The invention relates to an electrohydraulic actuator member according to the preamble of claim 1.

For linear or rotating adjustment of machines parts are known electro-hydraulic actuators, where a hydraulic motor moves the organ to be moved in adjusted to a degree by a drive element in Form of an electric stepper motor is specified. The stepper motor rotates a shaft that is the default part forms a certain angle of rotation, whereupon the Shaft via a spindle or a ball screw a control unit from its neutral position moves. The control unit operates as soon as it is neutral has left a valve device that the Pressure supply to the hydraulic motor controls. That from that Hydraulic motor moving organ in turn drives one second wave that forms the answer part and that Control part moves against the direction in which it is from the default part was driven. If the control part  in this way it reaches its neutral position again the adjustment process to be carried out has ended, whereby the organ to be moved is exactly that position has reached that by the drive member (the step motor) has been specified. That way compliance with the desired ver movement of the movable organ is closely monitored and the Movement process ends when the driven benen organ coupled response part the movement of the Has partially compensated. Hydraulic adjustment lungs can be performed with high precision. Electro-hydraulic actuators of the type described are called "type SVEZ" and "construction form SVIR "from Hartmann and Lämmle in Rutesheim expelled.

The electro-hydraulic actuators move the to driving organs each by one of the drive organ predeterminable amount, according to which a ge time passes until the hydraulic motor adjusts lung. If according to a change amount the hydraulics of the machine in which the Stell is inserted, fails or is switched off, e.g. by emergency shutdown, the hydraulic keeps Actuator the state when switched off was taken in, even if the electrical supply still works. This is because the switched off hydraulics the movement process, the elek was specified trically, can no longer execute, so that compensation by the response part below remains. If the hydraulic system is switched on again, then the actuator performs the pending movement that mechanically stored in it, still out. this leads to to the fact that when switching on the hydraulics undefined  Conditions that are caused by that when the hydraulic system was switched off before executed commands were available. Even if the machine, in which the actuator is used was switched, including the electrical Supply, remains a not yet or not yet full constantly executed command mechanically in the Actuator saved, the drive member is not is in the neutral position. If in the machine several actuators are provided in time work together in a coordinated manner Organ can be adjusted when switching on the Machine or when the hydraulic system is switched on again uncoordinated movements between the actuators occur.

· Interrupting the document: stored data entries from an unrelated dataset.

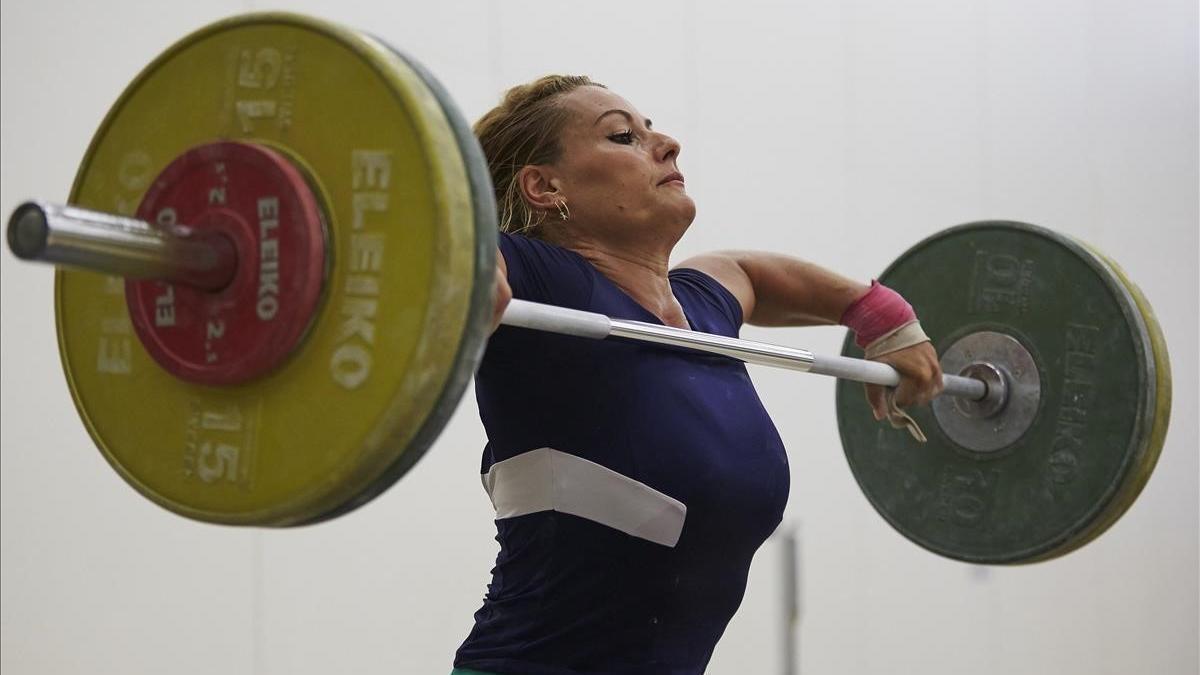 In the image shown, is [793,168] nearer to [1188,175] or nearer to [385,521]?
[385,521]

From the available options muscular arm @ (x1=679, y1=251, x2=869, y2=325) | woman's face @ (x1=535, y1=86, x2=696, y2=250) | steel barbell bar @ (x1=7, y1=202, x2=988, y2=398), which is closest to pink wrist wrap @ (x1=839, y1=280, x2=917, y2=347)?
muscular arm @ (x1=679, y1=251, x2=869, y2=325)

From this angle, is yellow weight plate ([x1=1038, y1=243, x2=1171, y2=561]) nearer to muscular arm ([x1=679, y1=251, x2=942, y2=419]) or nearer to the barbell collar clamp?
muscular arm ([x1=679, y1=251, x2=942, y2=419])

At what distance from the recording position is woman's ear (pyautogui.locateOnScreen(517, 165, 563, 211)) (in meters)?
1.80

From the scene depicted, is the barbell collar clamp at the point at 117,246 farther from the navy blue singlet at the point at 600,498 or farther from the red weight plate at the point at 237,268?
the navy blue singlet at the point at 600,498

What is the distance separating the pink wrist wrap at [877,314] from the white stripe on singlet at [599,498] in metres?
0.69

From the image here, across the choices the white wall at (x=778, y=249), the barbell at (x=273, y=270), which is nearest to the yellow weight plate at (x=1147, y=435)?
the barbell at (x=273, y=270)

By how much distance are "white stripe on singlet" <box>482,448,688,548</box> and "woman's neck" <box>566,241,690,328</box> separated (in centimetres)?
27

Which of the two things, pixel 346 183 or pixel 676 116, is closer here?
pixel 346 183

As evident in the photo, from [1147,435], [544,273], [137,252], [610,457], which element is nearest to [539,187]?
[544,273]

Another disadvantage of the known actuators be is that they need limit switches in the End positions of the control part are arranged. Such end switches are used to limit the movements of the driven organ very important and their failure can be too considerable dangers to people and machines to lead. The limit switches should therefore be used as often as possible Functionality is checked, which at the known actuator is difficult.

The invention has for its object an electro hydraulic actuator in the preamble of the patent to create 1 specified type with which the Problem of undefined starting after shutdown the hydraulics and / or the electrical supply ver is avoided.  

This object is achieved with the invention in the characterizing part of claim 1 given characteristics.

The actuator according to the invention by a micro processor is controlled, performs each time before the Valve device to the pressure source one from the micro processor-controlled preparation phase. In this Preparation phase, the control part is in the neutral position moves and only when from the sensor device it has been reported that the neutral position has been reached the pressure source is connected to the valve device. This ensures that the actuator every time the machine or hydraulic system is switched on the movement starts from its neutral position and not ge first before switching off given command executes.

The actuator according to the invention is particularly suitable for use on machines, for example for Robots and presses for shaping metal, and for controlling the movements of the manipulator, who grabs the workpieces in the machining brings position, and then from editing takes position. Such manipulators have to be able to make several movements along different Execute axes and they need different for this Actuators used to implement a geord ned movement sequence in a precisely defined manner must be coordinated. With the invent Invention actuator is achieved that the control part always in a defined position, namely in the neutral position, begins so that adjustment commands  after switching on the hydraulics only as a whole be carried out.

The hydraulic motor can be a rotating motor or a Linear motor (piston-cylinder unit). As an The driving element is preferably an electrical step motor used, the output shaft of the default part represents. The answer part is expediently one Shaft moving by the hydraulic motor or the the organ is driven. On the other hand, before Giving part and answering part also linear or in other Wise moving components, the opposite Effects on the control section. The control section is expediently a plate or disk that is moved linearly, but can also be one of the previous and the answering part are driven in rotation Element.

With the feature of claim 2 it is achieved that Control section in every preparation phase up to min at least one of its end positions is moved, the is also recognized by the sensor device. On this way becomes the sensor that is used for detection serves the end positions, at the same time on function ability checked. The sensor for the end positions shutdown is very important because there is no end shutdown the actuator gearbox is destroyed. According to the invention, the limit switch or - Sensor tested in every preparation phase.

According to claim 3, the microprocessor checks whether the Movements carried out in the preparatory phase will expire within certain times. If these times are exceeded, an interference signal  generated. This measure is on the one hand to check the End position switch useful, on the other hand, too a stiffness of the moving machine parts Failure of the stepper motor or the motor electronics and the like recognized.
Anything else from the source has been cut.